The reply to the records below should contain exactly the lines from the line with "Westfaal, Ruin, 6 Jaar, 167 cm, Schimmel" through the line with "又是一年槐花开，只见槐花不见人！又是一年槐花开，只见槐花不见人！", and nothing besides.
▼
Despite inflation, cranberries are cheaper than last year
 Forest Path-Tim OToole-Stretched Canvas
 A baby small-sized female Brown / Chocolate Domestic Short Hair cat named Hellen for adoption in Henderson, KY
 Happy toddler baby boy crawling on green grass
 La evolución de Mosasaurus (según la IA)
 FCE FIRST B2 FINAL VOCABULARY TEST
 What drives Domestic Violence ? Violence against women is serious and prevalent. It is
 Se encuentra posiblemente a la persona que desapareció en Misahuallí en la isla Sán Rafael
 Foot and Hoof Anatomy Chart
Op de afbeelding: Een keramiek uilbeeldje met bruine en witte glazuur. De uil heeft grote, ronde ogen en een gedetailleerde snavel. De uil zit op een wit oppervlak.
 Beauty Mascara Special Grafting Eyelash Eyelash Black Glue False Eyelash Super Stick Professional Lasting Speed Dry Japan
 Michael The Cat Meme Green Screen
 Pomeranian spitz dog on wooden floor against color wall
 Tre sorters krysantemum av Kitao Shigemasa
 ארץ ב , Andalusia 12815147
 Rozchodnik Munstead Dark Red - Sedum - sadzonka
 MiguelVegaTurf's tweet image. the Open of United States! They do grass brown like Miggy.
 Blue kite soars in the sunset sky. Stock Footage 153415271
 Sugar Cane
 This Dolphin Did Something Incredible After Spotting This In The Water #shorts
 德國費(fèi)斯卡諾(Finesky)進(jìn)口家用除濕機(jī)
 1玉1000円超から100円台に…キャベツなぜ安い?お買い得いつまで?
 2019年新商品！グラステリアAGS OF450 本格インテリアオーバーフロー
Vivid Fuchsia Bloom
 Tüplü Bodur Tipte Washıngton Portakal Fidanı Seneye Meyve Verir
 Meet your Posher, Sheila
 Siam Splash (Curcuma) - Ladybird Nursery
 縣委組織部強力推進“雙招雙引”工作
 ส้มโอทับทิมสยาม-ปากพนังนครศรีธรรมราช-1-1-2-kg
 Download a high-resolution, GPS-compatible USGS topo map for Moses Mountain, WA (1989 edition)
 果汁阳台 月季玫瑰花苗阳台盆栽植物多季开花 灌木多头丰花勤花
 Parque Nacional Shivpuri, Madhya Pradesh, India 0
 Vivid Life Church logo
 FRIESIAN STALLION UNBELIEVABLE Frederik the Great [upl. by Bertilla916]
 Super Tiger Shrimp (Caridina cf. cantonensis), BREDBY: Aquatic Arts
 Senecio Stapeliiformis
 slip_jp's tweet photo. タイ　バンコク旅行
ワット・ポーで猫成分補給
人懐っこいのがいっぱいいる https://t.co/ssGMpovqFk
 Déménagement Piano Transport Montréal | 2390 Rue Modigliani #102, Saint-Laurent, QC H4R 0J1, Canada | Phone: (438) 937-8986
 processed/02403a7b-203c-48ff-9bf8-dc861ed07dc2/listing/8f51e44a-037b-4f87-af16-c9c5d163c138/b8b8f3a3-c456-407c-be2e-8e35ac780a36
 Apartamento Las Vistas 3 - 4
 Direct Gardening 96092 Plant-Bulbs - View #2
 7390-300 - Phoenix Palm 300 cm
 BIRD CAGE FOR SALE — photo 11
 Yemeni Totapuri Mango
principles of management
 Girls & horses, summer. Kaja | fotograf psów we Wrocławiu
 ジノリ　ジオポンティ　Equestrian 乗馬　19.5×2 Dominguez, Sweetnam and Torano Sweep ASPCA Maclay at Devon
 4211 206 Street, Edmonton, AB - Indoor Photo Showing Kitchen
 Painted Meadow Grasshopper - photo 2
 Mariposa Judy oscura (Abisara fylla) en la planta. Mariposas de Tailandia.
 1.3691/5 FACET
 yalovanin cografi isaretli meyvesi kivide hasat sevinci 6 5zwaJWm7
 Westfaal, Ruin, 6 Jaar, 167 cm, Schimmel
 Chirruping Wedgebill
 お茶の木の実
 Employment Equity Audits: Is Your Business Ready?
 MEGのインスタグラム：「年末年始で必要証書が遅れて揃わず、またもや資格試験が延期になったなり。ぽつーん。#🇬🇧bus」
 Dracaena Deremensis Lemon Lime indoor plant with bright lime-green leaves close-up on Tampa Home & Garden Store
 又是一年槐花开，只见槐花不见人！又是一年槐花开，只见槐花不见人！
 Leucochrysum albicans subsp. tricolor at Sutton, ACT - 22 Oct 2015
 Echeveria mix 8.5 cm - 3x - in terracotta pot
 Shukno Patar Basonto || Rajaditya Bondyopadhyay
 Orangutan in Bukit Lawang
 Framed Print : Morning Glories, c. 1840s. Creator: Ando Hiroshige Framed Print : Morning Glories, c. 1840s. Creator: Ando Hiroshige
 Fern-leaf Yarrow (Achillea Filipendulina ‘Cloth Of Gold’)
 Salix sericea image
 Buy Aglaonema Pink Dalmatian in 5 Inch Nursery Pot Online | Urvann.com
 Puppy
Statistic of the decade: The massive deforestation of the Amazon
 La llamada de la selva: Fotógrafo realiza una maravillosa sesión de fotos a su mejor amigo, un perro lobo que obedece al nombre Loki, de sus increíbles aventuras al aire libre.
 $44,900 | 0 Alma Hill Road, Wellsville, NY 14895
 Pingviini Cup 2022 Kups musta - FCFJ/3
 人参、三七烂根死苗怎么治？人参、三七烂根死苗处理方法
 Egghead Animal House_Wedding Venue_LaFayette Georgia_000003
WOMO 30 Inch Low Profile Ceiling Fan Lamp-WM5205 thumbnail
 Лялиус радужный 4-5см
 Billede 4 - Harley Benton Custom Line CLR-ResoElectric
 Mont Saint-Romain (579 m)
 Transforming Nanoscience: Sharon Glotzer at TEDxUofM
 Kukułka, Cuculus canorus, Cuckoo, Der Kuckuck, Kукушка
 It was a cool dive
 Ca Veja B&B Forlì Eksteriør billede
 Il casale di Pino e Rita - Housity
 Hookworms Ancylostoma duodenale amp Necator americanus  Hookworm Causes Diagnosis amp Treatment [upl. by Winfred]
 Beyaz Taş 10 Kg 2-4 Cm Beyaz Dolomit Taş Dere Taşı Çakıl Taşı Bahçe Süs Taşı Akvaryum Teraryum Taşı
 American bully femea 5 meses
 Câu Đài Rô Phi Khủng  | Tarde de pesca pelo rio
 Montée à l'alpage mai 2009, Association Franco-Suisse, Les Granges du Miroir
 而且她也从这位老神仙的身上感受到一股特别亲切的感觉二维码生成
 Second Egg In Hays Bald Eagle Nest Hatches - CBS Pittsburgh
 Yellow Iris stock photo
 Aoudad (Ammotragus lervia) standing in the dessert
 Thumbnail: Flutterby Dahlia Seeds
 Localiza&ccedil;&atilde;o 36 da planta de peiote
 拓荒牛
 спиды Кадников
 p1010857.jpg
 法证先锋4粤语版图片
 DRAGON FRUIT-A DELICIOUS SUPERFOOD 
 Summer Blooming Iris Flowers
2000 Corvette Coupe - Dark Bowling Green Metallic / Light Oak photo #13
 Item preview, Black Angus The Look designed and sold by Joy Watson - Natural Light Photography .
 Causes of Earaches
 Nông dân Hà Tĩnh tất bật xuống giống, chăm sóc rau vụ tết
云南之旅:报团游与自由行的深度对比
▲
* **Answer box**:
 Westfaal, Ruin, 6 Jaar, 167 cm, Schimmel
 Chirruping Wedgebill
 お茶の木の実
 Employment Equity Audits: Is Your Business Ready?
 MEGのインスタグラム：「年末年始で必要証書が遅れて揃わず、またもや資格試験が延期になったなり。ぽつーん。#🇬🇧bus」
 Dracaena Deremensis Lemon Lime indoor plant with bright lime-green leaves close-up on Tampa Home & Garden Store
 又是一年槐花开，只见槐花不见人！又是一年槐花开，只见槐花不见人！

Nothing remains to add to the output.